Data for the task below:

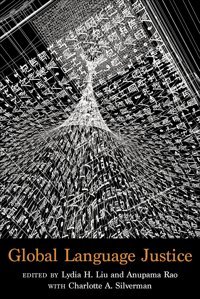 Global Language Justice Columbia University Press
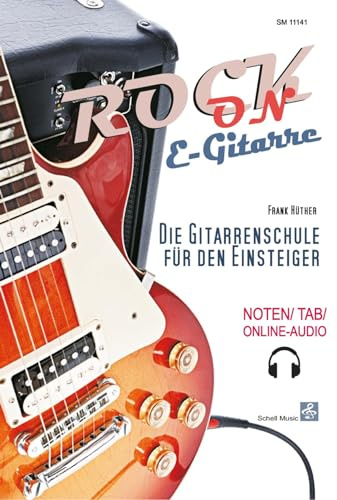 Rock-On E-Gitarre!: Die Gitarrenschule für den Einsteiger (Noten/ TAB/ Online-Audio) (Gitarrenschule: modern)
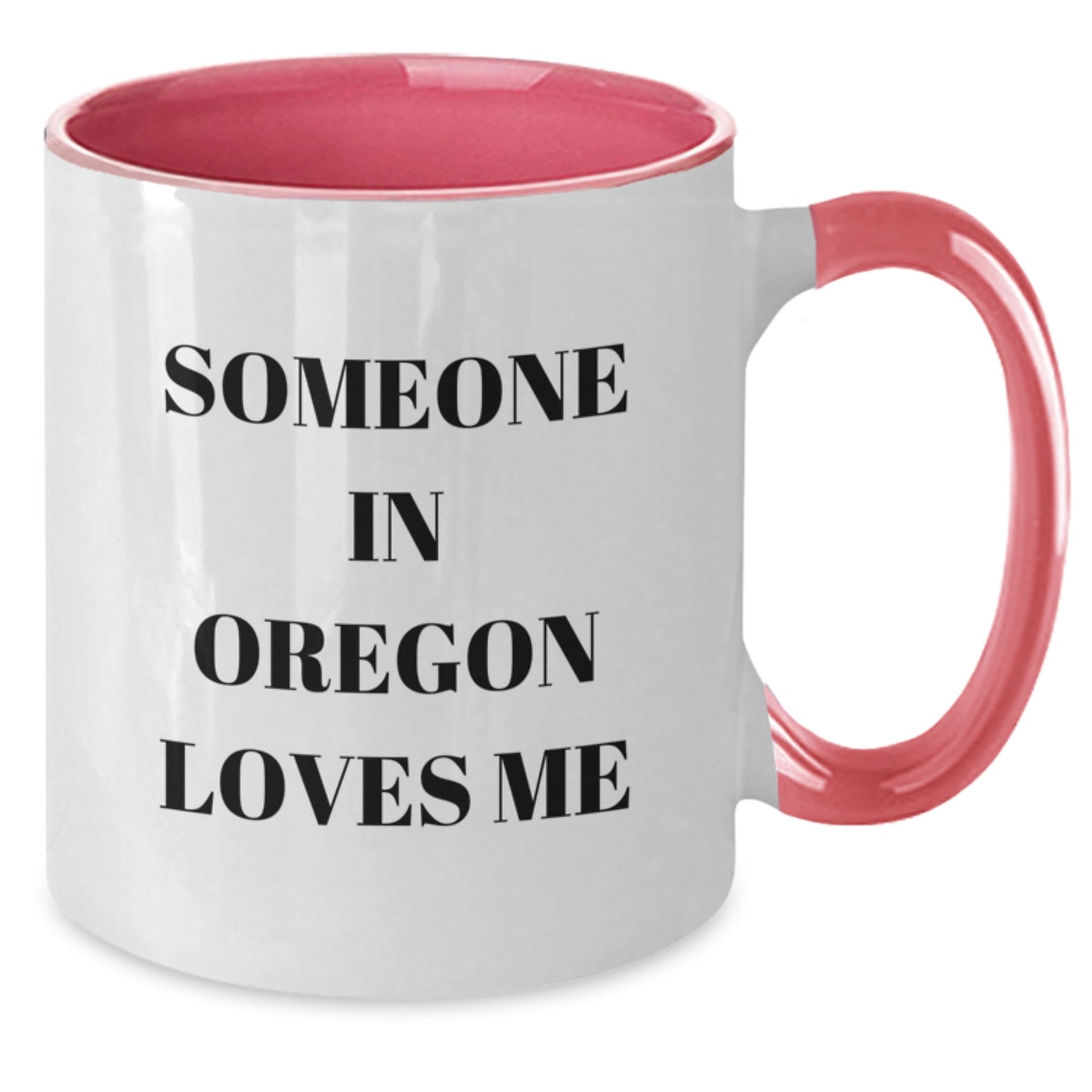 Oregon Gifts from Friends - Someone In Oregon Loves Me Funny Two Tone Coffee Mug, Birthday Unique Gifts for Men Women Friends Coworkers Family - Additional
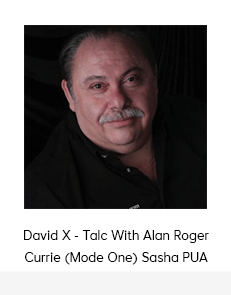 David X - Talc With Alan Roger Currie (Mode One) Sasha PUA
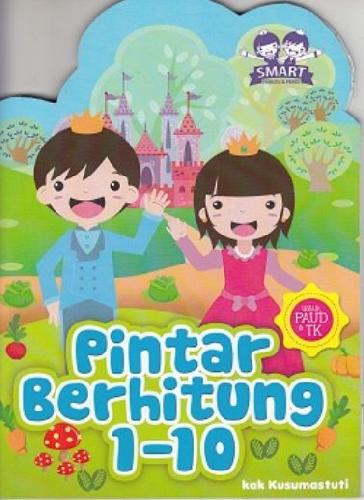 Cover Buku Smart Princess dan Prince Pintar Berhitung 1-10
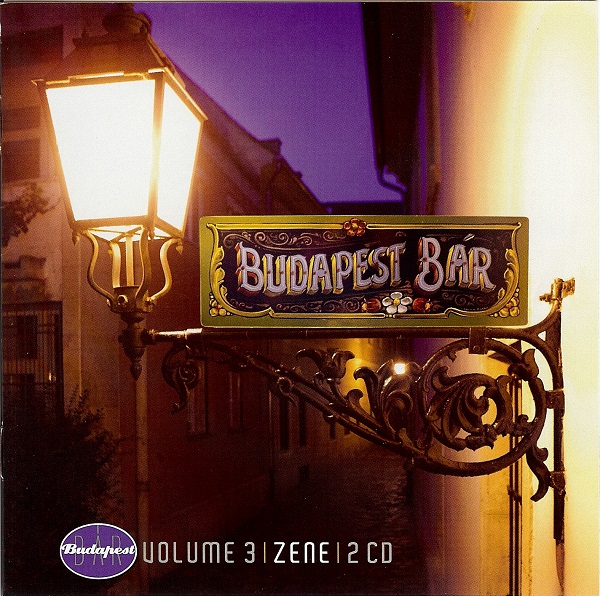 Budapest Bar - Volume 3 (Zene) (2010).jpg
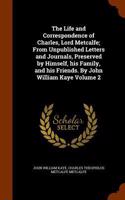 The Life and Correspondence of Charles, Lord Metcalfe; From Unpublished Letters and Journals, Preserved by Himself, his Family, and his Friends. By John William Kaye Volume 2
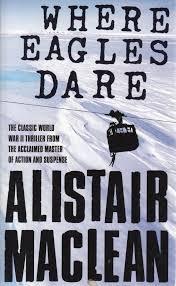 Where Eagles Dare by Alistair Maclean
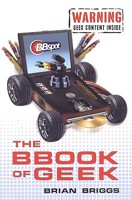 The BBook of Geek: The Only Geek Humor Book You'll Ever Need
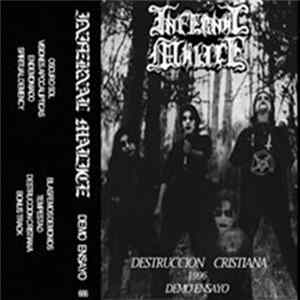 Infernal Malice - Destruccion Cristiana Album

End of Data for the task.

Extract only the lines from the one that contains "Where Eagles Dare by Alistair Maclean" through the end of the records, inclusive, and omit every picture.

[Written response]:
 Where Eagles Dare by Alistair Maclean
 The BBook of Geek: The Only Geek Humor Book You'll Ever Need
 Infernal Malice - Destruccion Cristiana Album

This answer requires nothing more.